Program
Tuesday, April 16, 2024, 7:00 p.m.
with a music performance by DJ Die-Ley and Veit B, 8:00 pm
April 17 to May 25, 2024, Tuesday to Saturday, 1:00 - 7:00 pm
Film evening on the subject of body and discomfort: April 25, 2024, 7:00 pm
Reading event with coffee from stray coffee roasters: May 11, 2024, 3:00 pm
Saturday, May 25, 2024, 7:00 pm
with a music performance by RABOTANoLoSo
Kunstarkaden, Sparkassenstraße 3, 80331 Munich l kunstarkaden.muenchen An art space of the City of Munich
Free admission / Barrier-free / Closed on public holidays
One hundred years after the death of Franz Kafka, we ask ourselves which aspects of his work resonate particularly strongly in the present moment. Which of these can also be found in our artistic work?
Franz Kafka is an extremely important figure for the artistic tradition in both Germany and the Czech Republic and, just like us, as a German-speaking author who lived in Prague, he was strongly influenced by both cultures. In multi-ethnic Czechoslovakia between the world wars, the Surrealists immediately responded to his work with great enthusiasm.

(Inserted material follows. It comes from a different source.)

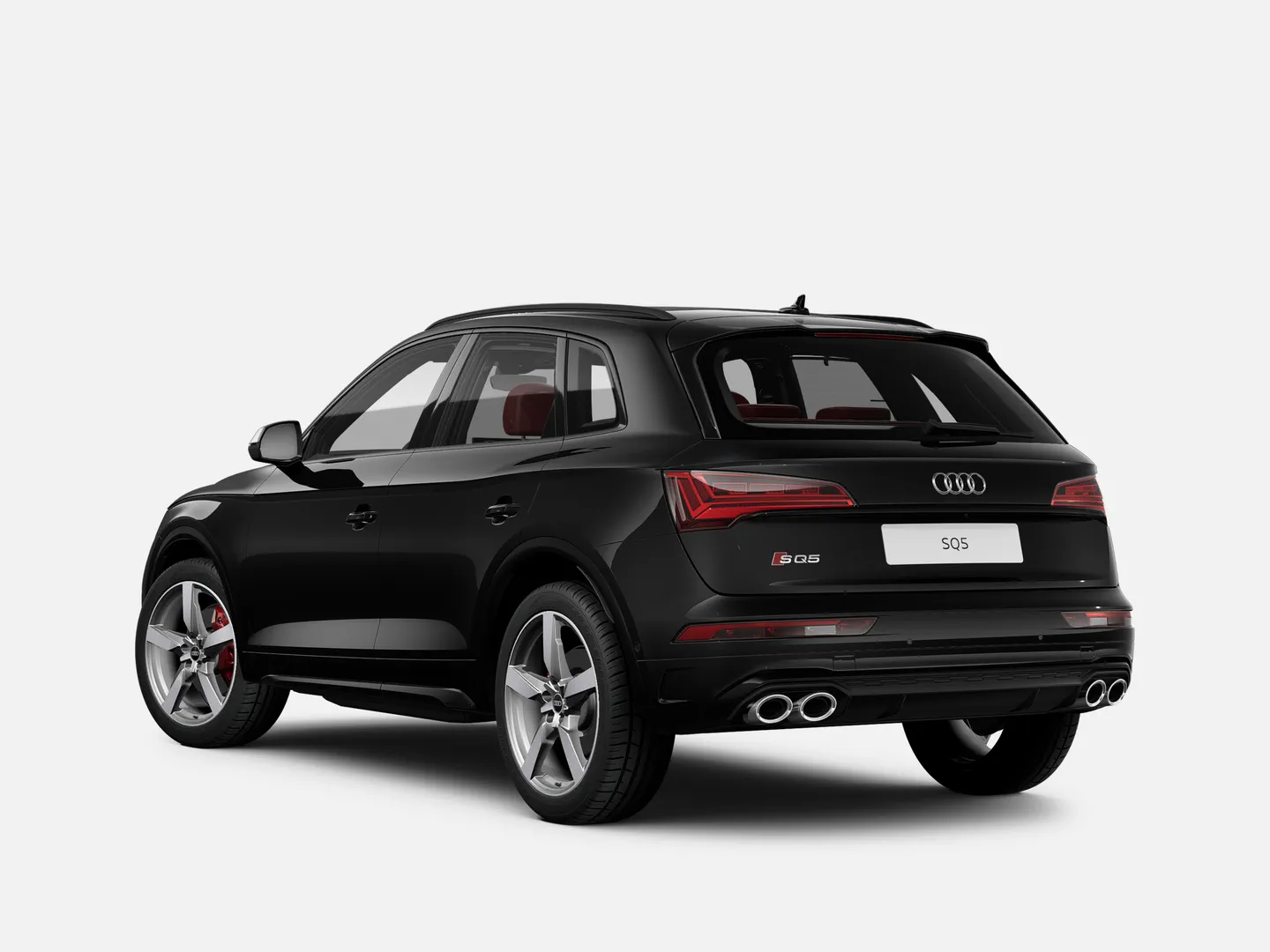 Image about Audi SQ5 TFSI 260(354) kW(hp) tiptronic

We are tracing the specific tradition of Czechoslovak Surrealism and would like to consciously address this strand of our own artistic biographers and origins. We are fascinated by the specific heaviness, melancholy and the processing of the fear of a reality that is difficult to endure.
Kafka's treatment of corporeality reveals a certain unease, open to fragility and changeability. His treatment of the more-than-human, in the sense of the philosopher David Abram's term, is also extremely exciting: Kafka's characters are often not quite human, or not quite clearly alive. From his gloomy poetic position, Kafka declares that the image of man as an autonomous, rational being that prevailed a hundred years ago has always been a failure.
His quite humorous observations of deep interdependence, loneliness and absurdity remain relevant. The human body, which connects us to other animals and is at the same time strongly anchored in society and in different identities, is also at the forefront of our work.